Comment 17 Jakub Jelinek 2015-06-26 19:59:18 UTC
GCC 4.9.3 has been released.
Comment 18 Richard Biener 2016-08-03 10:55:16 UTC
GCC 4.9 branch is being closed
Comment 19 Jakub Jelinek 2017-10-10 13:28:03 UTC
GCC 5 branch is being closed
Comment 20 Jakub Jelinek 2018-02-28 17:33:17 UTC
Vlad, your thoughts on this?  Can it be done in LRA or postreload-gcse or some other post-LRA pass (if they do have loops)?
Comment 21 Vladimir Makarov 2018-02-28 21:29:38 UTC
(In reply to Jakub Jelinek from comment #20)
> Vlad, your thoughts on this?  Can it be done in LRA or postreload-gcse or
> some other post-LRA pass (if they do have loops)?

I don't think it can be done easily after RA.  There are no optimizations working with loops after IRA.  postreload-gcse is very simple pass working with loads/stores.  It is hard to modify it (e.g. into PRE) to do invariant motion. Probably we could repeat loop invariant motion pass again after LRA but it needs investigation and running such heavy pass for rare cases may be doubtful.

I don't think that this PR will be fixed for GCC-8 or even later.  It will be hard to justify compilation slowdown without visible performance improvements for example on SPEC.

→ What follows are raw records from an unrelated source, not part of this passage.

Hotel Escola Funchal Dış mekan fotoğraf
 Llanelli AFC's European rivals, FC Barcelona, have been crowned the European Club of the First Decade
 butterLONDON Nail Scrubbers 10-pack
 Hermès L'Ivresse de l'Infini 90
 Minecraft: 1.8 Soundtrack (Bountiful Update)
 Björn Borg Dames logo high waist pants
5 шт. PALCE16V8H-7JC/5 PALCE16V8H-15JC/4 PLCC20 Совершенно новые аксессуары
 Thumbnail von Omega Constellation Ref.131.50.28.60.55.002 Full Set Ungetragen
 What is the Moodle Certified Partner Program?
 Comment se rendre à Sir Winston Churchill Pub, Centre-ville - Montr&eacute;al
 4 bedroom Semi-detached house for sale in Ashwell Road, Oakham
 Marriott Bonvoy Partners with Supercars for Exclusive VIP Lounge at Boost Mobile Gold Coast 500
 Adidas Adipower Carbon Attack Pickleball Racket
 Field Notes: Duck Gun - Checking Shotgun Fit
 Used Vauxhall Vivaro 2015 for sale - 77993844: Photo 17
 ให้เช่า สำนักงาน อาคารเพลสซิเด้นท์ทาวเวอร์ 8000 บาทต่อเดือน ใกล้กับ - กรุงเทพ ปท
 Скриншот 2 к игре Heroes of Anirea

Comment 22 Jakub Jelinek 2018-10-26 10:13:17 UTC
GCC 6 branch is being closed
Comment 23 Steven Bosscher 2019-03-05 08:16:56 UTC
Won't be working on this any time soon...
Comment 24 Richard Biener 2019-11-14 07:58:07 UTC
The GCC 7 branch is being closed, re-targeting to GCC 8.4.
Comment 25 Jakub Jelinek 2020-03-04 09:39:23 UTC
GCC 8.4.0 has been released, adjusting target milestone.
Comment 26 Jakub Jelinek 2021-05-14 09:46:36 UTC
GCC 8 branch is being closed.
Comment 27 Richard Biener 2021-06-01 08:05:35 UTC
GCC 9.4 is being released, retargeting bugs to GCC 9.5.